In the world of art museums, James Turrell has been hard to miss this summer. He currently has major exhibitions open at the Guggenheim in New York, the Los Angeles County Museum of Art, and the Museum of Fine Arts, Houston. Put simply, Turrell’s medium is light. He creates indoor and outdoor spaces designed to demonstrate both the powers and limitations of human perception. As Turrell puts it, “My work has no object, no image, and no focus. With no object, no image, and no focus, what are you looking at? You are looking at you looking. What is important to me is to create an experience of worldless thought.”
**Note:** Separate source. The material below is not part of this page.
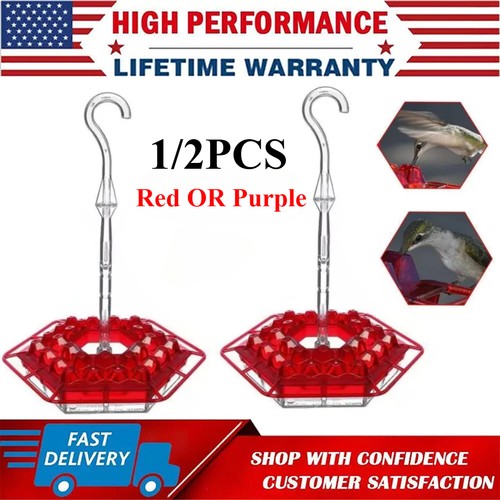 Shirem hummingbird feeder - hummingbird,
To pique your interest, here are five of our favorite Turrell works: 

Hard Scrabble Sky
In the midst of the University of Illinois, Chicago’s campus, Turrell created one of his signature “Skyspaces”—a structure with an opening at the top that obscures the horizon, allowing viewers inside the elliptical structure to observe the ever-changing light and sky patterns through the roof above them. 

Stone Sky
This 2005 work at a private home in Calistoga, CA combines one of Turrell's Skyspaces with an infinity pool. The large square at the end of the pool holds the Skyspace, accessible by swimming underwater at the end of pool. The interior is lined with teak and a square opening at the top opens the structure to the sky. 

End Around
Many of Turrell’s works focus on enhancing the experience of looking at the sky or the natural world, but works from his Ganzfeld series use electric light to challenge the power of our eyes. "End Around" (2006) is currently being shown at the Museum of Fine Arts, Houston, and like his other Ganzfeld series works, "End Around" simulates a total loss of depth perception. The viewer is bathed in a field of blue light and, at some point, the light almost becomes a physical presence because of the loss of depth perception.

 

Roden Crater
Turrell has been working on this massive space in a natural cinder cone volcano in Arizona since 1972. Turrell’s site picks up on the ancient tradition of creating manmade monuments to view celestial events, with different rooms heightening the viewer’s perception of sunrise, sunset, the stars, and natural light. Roden Crater combines Turrell’s explorations of light and perceptual science into one unique site in Arizona’s Painted Desert but, unfortunately, it’s not open to the public (yet).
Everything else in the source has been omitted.